Three mentally ill US prisoners have been slated for execution in coming days, an anti-death penalty group said.
"Severe mental illness should make them ineligible for the death penalty," National Coalition to Abolish the Death Penalty director Brian Roberts said in a statement.
"People with severe mental illness -- just like people with mental retardation and juvenile offenders -- cannot be regarded as culpable as fully functioning adults."
The Southern US state of North Carolina is to kill two of the men by legal injection while Georgia, also in the South, has slated the execution of James Willie Brown for Tuesday.
Brown was found guilty of raping and murdering a woman in 1975. He was diagnosed with paranoid schizophrenia 17 times. Nevertheless, a judge determined in 1981 that he was eligible to die for his crimes.

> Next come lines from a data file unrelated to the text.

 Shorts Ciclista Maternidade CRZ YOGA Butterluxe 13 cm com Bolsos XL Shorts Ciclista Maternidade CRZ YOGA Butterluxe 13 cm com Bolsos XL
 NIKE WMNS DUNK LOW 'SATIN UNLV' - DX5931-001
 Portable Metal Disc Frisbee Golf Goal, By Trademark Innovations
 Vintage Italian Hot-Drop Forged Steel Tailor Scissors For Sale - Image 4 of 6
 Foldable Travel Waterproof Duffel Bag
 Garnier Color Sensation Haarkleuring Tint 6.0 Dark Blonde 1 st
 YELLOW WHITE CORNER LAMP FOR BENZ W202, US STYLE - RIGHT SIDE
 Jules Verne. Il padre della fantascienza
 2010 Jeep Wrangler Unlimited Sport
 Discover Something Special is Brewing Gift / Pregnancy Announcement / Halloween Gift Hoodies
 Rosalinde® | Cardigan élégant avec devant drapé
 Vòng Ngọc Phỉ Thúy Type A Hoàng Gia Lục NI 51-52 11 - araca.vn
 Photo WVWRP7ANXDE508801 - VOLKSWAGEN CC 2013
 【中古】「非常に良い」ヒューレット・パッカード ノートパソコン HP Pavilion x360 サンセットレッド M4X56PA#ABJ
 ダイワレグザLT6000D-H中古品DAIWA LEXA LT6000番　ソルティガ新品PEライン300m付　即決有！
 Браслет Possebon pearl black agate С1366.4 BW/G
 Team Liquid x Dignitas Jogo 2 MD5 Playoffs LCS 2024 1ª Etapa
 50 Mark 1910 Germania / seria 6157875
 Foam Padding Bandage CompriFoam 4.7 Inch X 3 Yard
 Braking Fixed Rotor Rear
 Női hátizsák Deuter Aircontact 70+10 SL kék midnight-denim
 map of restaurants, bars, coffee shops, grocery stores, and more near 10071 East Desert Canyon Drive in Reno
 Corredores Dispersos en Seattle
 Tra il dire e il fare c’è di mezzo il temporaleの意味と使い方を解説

Joseph Keel is to be executed in North Carolina November 7. He was sentenced to die in 1990 for the murder of his father-in-law. He suffers from a personality disorder stemming from multiple brain injuries, ranging from pre-natal to a workplace accident, when he was struck on the head with a 725-kilogram (1,600-pound) steel beam.
"Organic personality disorder is caused by traumatic brain injuries and is characterized by extreme mood swings, aggression, impaired judgment, apathy or paranoia and depression," the coalition said in a statement.
Another prisoner, John Dennis Daniels, was sentenced to die in 1990 for the murder of a woman. He is to die November 14, despite psychiatrists' testimony that he has the intellectual development of an 11- or 12-year-old child.
So far this year, 57 prisoners have been executed in the United States, according to the Death Penalty Information Center in Washington.